When we did the kitchen we also did the floors on the whole first floor. It was all dark brown 1980's carpeting and we replaced it with oak flooring. To get to the floor we had to move a lot of books and my desk. Now it all has to go back, somewhere. I'm trying to wrap my head about how to organize them.
I moved my desk into our family room and now I have one book case for my nearest and dearest fiber books and any work fiber I want to keep out of the basement. I'm starting with all of my spinning books, books about color and two containers. The containers will hold review things for Knitty and my working fiber, fiber for articles, videos, patterns and blog posts.
I have no idea where the file cabinet is going, it's a necessary working evil, but I don't use it much.

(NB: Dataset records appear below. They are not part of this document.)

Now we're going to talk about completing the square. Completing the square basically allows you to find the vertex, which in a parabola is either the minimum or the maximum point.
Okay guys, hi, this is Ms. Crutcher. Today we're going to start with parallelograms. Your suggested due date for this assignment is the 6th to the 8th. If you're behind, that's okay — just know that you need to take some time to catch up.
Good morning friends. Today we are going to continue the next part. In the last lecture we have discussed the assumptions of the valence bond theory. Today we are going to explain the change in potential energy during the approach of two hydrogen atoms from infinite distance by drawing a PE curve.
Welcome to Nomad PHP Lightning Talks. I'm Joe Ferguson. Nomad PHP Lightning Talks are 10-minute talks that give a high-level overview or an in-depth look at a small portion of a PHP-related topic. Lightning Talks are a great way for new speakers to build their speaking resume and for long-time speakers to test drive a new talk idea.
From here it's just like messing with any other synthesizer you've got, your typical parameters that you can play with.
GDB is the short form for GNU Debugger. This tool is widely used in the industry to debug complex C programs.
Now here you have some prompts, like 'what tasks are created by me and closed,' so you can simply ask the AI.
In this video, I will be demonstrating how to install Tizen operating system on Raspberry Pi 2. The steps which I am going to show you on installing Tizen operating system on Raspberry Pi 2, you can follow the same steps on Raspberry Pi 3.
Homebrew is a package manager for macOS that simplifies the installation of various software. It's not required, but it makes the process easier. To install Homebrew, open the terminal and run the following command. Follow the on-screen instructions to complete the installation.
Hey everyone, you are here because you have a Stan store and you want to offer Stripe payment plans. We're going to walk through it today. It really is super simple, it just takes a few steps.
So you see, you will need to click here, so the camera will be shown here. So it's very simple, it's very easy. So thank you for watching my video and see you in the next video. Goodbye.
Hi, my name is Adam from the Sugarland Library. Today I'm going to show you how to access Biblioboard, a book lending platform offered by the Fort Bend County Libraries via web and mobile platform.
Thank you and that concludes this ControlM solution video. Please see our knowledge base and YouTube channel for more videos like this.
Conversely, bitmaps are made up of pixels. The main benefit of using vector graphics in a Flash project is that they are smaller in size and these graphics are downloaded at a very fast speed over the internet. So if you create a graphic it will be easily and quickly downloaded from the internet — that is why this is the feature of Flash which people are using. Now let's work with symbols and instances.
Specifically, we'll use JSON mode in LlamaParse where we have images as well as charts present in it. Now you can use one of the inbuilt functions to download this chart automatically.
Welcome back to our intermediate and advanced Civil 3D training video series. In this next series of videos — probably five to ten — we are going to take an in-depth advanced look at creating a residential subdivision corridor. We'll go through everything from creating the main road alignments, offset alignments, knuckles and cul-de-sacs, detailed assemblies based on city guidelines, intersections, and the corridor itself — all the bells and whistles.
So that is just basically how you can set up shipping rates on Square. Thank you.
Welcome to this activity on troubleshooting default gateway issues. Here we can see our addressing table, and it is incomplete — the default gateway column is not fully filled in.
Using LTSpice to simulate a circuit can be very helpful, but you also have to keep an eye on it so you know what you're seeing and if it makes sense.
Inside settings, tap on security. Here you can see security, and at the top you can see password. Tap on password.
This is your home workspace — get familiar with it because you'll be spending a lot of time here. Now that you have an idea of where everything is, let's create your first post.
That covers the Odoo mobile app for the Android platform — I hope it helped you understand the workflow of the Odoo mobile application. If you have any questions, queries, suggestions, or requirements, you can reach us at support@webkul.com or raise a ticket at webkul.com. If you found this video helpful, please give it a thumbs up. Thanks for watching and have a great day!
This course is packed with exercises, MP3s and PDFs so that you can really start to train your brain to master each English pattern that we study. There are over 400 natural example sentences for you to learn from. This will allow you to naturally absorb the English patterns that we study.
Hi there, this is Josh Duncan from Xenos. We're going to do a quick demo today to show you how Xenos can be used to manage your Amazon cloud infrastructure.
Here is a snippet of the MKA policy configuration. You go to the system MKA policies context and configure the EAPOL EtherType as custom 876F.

Our living room has many more bookcases now. It used to have three and now it has six, maybe seven, plus two library carts. A whole room of books; it makes me weak in the knees! I'm a person who organizes books more by type, alphabetical anything is optional. I know that two of the shelves on the red wall will be fiction and one general non-fiction. I know I will have one whole bookcase devoted to big sexy textile books. What I don't know is what knitting, weaving, embroidery and other craft books to keep upstairs. How do I choose? I have about 8 bookcases of fiber arts books in the basement. I've been doing fiber and working in publishing for the same amount of time and have almost never said no to a book.
I'm thinking stitch dictionaries and knitting books that inspire me for knitting. But do I bring up all of my Rowan magazine's? I go all the way back to number one. I have the same issue with other fiber arts. It's a fibery book lover's conundrum. I am having great fun
How do you organize your craft books?